'Wild Things' a struggle and a joy for director

October 8, 2009 

SAN FRANCISCO -- Maurice Sendak wasted few words writing his 1963 children's picture book "Where the Wild Things Are." A scant 10 sentences were all he needed to tell the story of Max, a boy who is sent to his room without supper and imagines himself in a world of friendly creatures. It was originally to be horses, but Sendak, who also illustrated the book, couldn't draw them.

Director Spike Jonze has done what seemed impossible: he's turned those 10 sentences into a feature film that opens Friday. It stars Max Records, Catherine Keener and the voice talents of James Gandolfini, Forest Whitaker, Catherine O'Hara, Chris Cooper and Lauren Ambrose. (Listen to Max read Sendak's story in a special interactive that includes production photos and interview audio clips).
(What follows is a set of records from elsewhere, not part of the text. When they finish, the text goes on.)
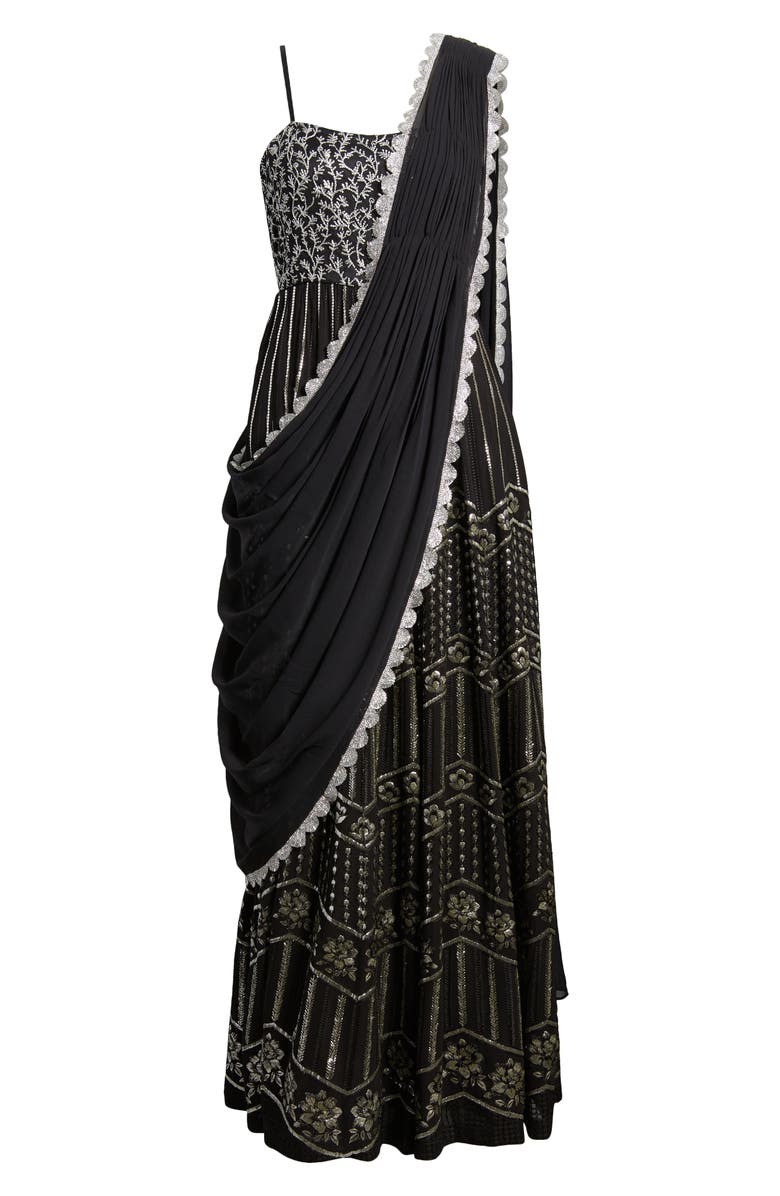 Sani Anjali Metallic Embroidered Anarkali with Dupatta, Alternate, color,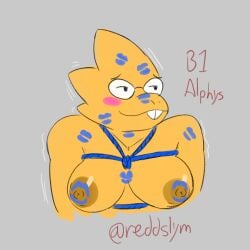 1:1 alphys anthro blue_lipstick bondage bondage bound female lipstick makeup reddslym solo undertale_(series)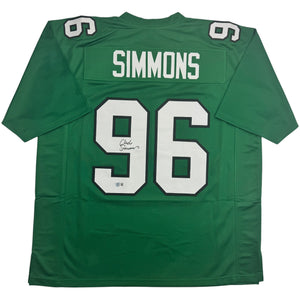 Autographed/Signed Clyde Simmons Philadelphia Kelly Green Football Jersey Beckett BAS COA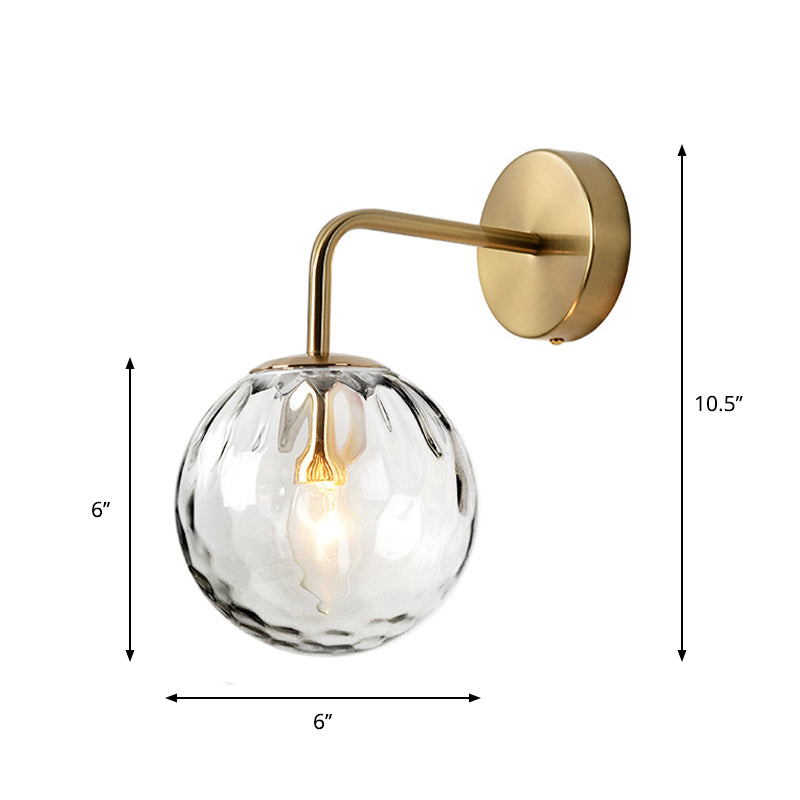Simple Glass Globe Wall Light Gold Sconce with Arm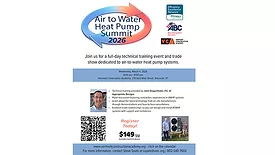 The flyer for the Air to Water Heat Pump Summit 2026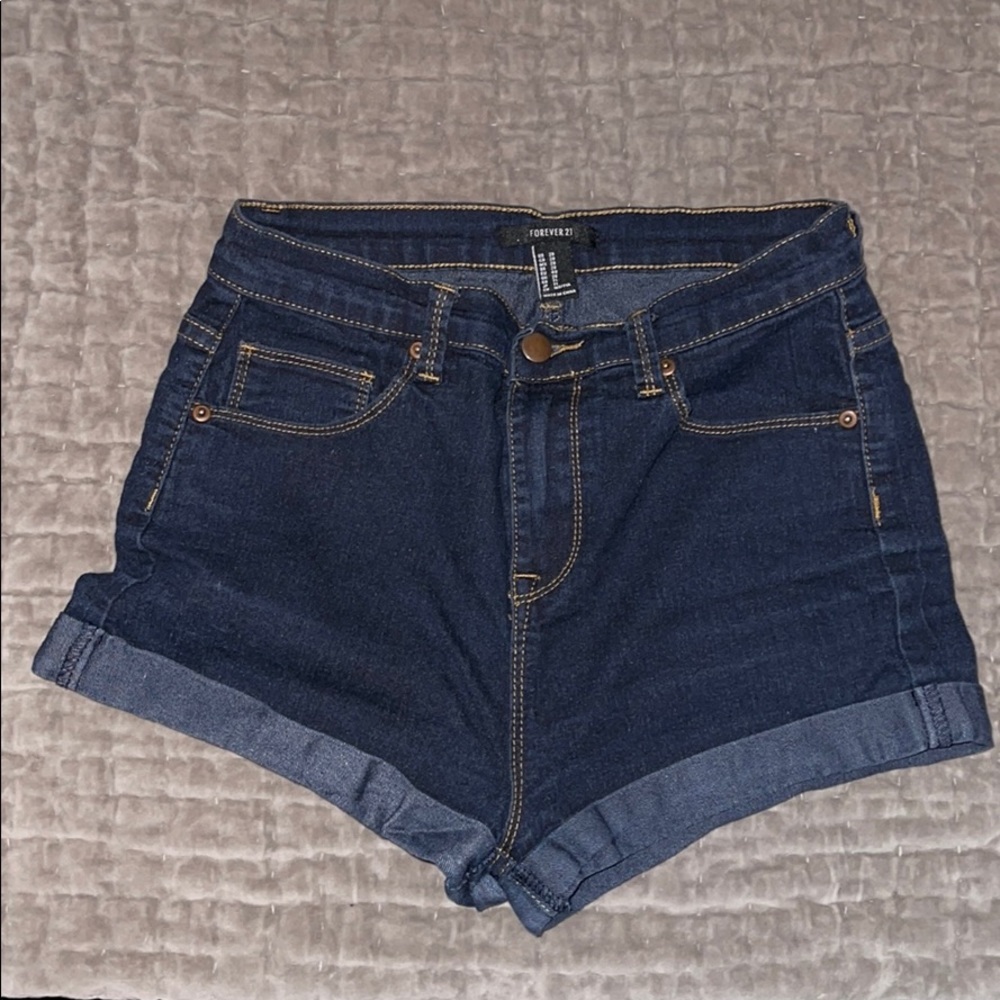 High waisted jean shorts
Early reviews of the book were mixed, but it's now considered a masterpiece of American children's literature. It was awarded the 1964 Caldecott Medal, given annually to the artist of the most distinguished American children's picture book. And it is an American Library Association Notable Book.

"Where the Wild Things Are" ranks 32nd on Publisher Weekly's list of best-selling paperback children's books with nearly 4 million copies and is 63rd among the all-time best-selling hardback children's books with 2 million sold.

Kari Johnson, Children Services Coordinator for the Fresno County Library, says the book is extremely popular with local readers.

"It goes over really well with children who really enjoy the story line and the concept. It is certainly a classic children's book," Johnson says. "I just hope the movie keeps the same concepts of the book."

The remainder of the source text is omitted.